Smith, the top Democrat on the House Armed Services Committee, recently filed a resolution of inquiry directing the Trump administration to turn over all communications related to Hegseth last month discussing an impending military attack on Yemen in a Signal group chat with top intelligence officials, and separately, with members of his family.
Any member of Congress can file a resolution of inquiry; it’s a tool that lawmakers have for obtaining information from the executive branch. When someone files a resolution of inquiry on a given subject, the committee with jurisdiction over it has 14 days to act on it. If the committee doesn’t act, anyone can bring it up on the House floor and force a vote on it.
Smith’s resolution of inquiry never got a vote in the House Armed Services Committee. That meant it was on track to ripen, essentially, by the end of next week, at which point Democrats could force a vote on it.
But late Monday, during a House Rules Committee hearing, Speaker Mike Johnson (R-La.) slipped language into an unrelated resolution that set up the rules for debating five bills on the House floor on Tuesday.
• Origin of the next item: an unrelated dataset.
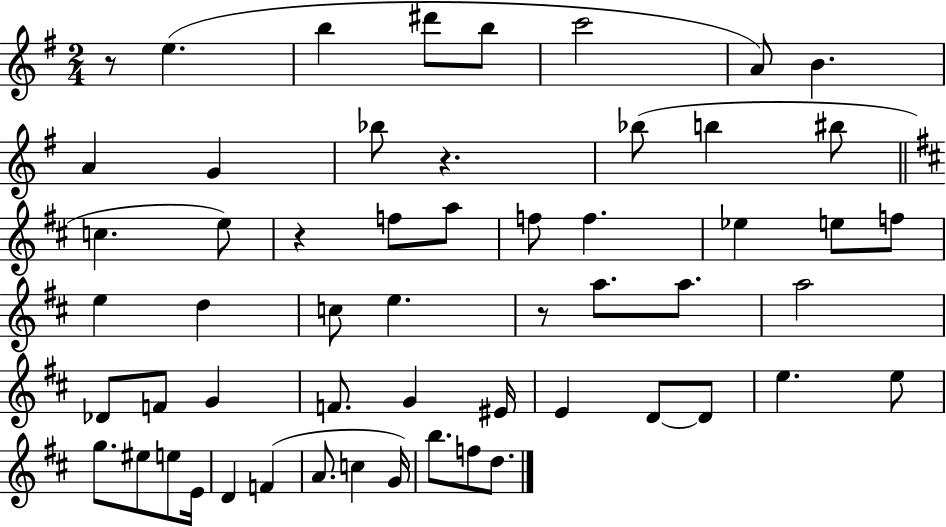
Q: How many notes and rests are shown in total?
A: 56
Buried in these rules was this provision: “Provides that each day during the period from April 29, 2025, through September 30, 2025, shall not constitute a legislative day for purposes of clause 7 of rule XIII (Resolutions of Inquiry).”

Translated into everyday language, this provision prevents House members from forcing a vote on any resolution of inquiry until October. When the House voted Tuesday to pass the rules for debating those five bills, they also killed Smith’s effort.
Every Democrat voted against passing the rules.
Smith fumed Thursday about Republicans providing cover for Hegseth, whose use of Signal for sharing classified information wasn’t just a stunning breach of national security; a journalist was also mistakenly let into the group chat with top U.S. intelligence officials.
“President Trump’s national security team risked the lives of U.S. service members and compromising the mission when they shared sensitive U.S. military plans ahead of operations against the Houthis in Yemen,” he told HuffPost in a statement.
“Monday’s Rules vote to block the Resolution of Inquiry I led to get answers so that we could help ensure such a security breach never happens again is a blatant partisan ploy to cover up the incompetence revealed by that failure,” said Smith. “That incompetence has been underscored by Defense Secretary Hegseth refusing to acknowledge obvious operational security errors or correct course. The impact of that whitewashing threatens to inflict further damage to our national security.”
A spokesperson for Johnson did not immediately respond to a request for comment.